In [None]:
!PYANNOTE_DATABASE_CONFIG="/work/proy/AMI-diarization-setup/pyannote/database.yml" pyannote-database info AMI-SDM.SpeakerDiarization.mini

In [None]:
from pyannote.database import registry, FileFinder

registry.load_database("/work/proy/AMI-diarization-setup/pyannote/database.yml")
dataset = registry.get_protocol("AMI-SDM.SpeakerDiarization.mini", {"audio": FileFinder()})

In [None]:
from huggingface_hub import notebook_login
notebook_login()

GPU availability check

In [None]:
import torch
print(torch.cuda.is_available())
print(torch.cuda.device_count())
print(torch.cuda.get_device_name(0) if torch.cuda.is_available() else "No GPU found")
print(torch.version.cuda)

Dedicating GPU

In [None]:
device = torch.device("cuda:0" if torch.cuda.is_available() else "cpu")
print(device)

Overlapped Speech Detection

In [None]:
# #Create OSD task & fine-tune "pyannote/segmentation-3.0" model
# from pyannote.audio.tasks import OverlappedSpeechDetection
# from pyannote.audio.core.model import Model
# import pytorch_lightning as pl

# osd_task = OverlappedSpeechDetection(
#     dataset,      # same AMI mini dataset
#     duration=4.0, # 2s chunks
#     batch_size=16
# )

# osd_model = Model.from_pretrained("pyannote/segmentation-3.0", use_auth_token=True)
# osd_model.to(device)
# osd_model.task = osd_task

# osd_trainer = pl.Trainer(
#     max_epochs=60,   # quick example (increase for better performance)
#     accelerator="gpu",
#     devices=1
# )
# osd_trainer.fit(osd_model)

In [None]:
# from pyannote.audio.pipelines import OverlappedSpeechDetection as OSDPipeline
# osd_pipeline = OSDPipeline(osd_model)  

In [None]:
# from pyannote.pipeline import Optimizer
# validation_files = list(dataset.development())
# optimizer = Optimizer(osd_pipeline)

# best = optimizer.tune(validation_files, n_iterations=150, show_progress=True)
# print("Best parameters:", best)

# # Re-instantiate pipeline with best parameters
# best_params = optimizer.best_params
# osd_pipeline = OSDPipeline(osd_model).instantiate(best_params)


In [None]:
# from pyannote.core import Annotation, Timeline

# def timeline_to_annotation(timeline: Timeline, label="OVERLAP") -> Annotation:
#     annotation = Annotation()
#     for segment in timeline:
#         annotation[segment] = label
#     return annotation

# from pyannote.metrics.detection import DetectionErrorRate

# osd_metric = DetectionErrorRate()

# for file in dataset.test():
#     # Hypothesis: OverlappedSpeechDetection pipeline returns an *Annotation* already
#     overlap_hyp_annot = osd_pipeline(file)
#     print("Hypothesis labels:", overlap_hyp_annot.labels())

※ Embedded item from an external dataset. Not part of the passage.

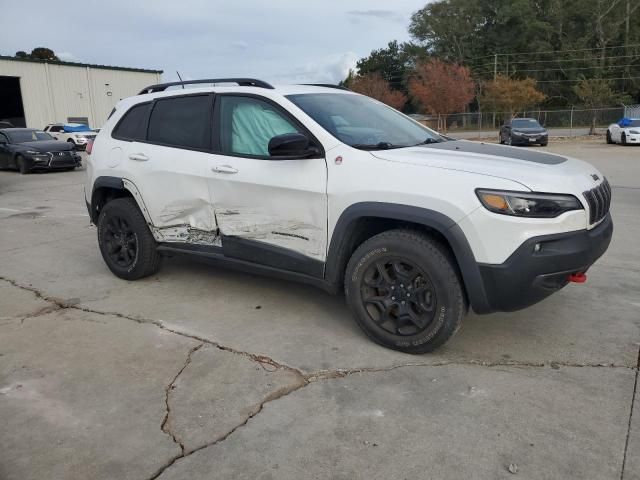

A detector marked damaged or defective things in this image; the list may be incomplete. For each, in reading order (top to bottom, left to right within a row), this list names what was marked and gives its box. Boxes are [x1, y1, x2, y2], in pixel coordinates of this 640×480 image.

#     # Reference: get_overlap() returns a *Timeline* that you must convert
#     overlap_ref_tl = file["annotation"].get_overlap()
#     overlap_ref_annot = timeline_to_annotation(overlap_ref_tl, label="OVERLAP")
#     print("Reference labels:", overlap_ref_annot.labels())

#     # Pass them both as Annotations
#     osd_metric(
#         reference=overlap_ref_annot,
#         hypothesis=overlap_hyp_annot,
#         uem=file.get("annotated", None),
#         uri=file["uri"]
#     )

# print(osd_metric.report(display=False))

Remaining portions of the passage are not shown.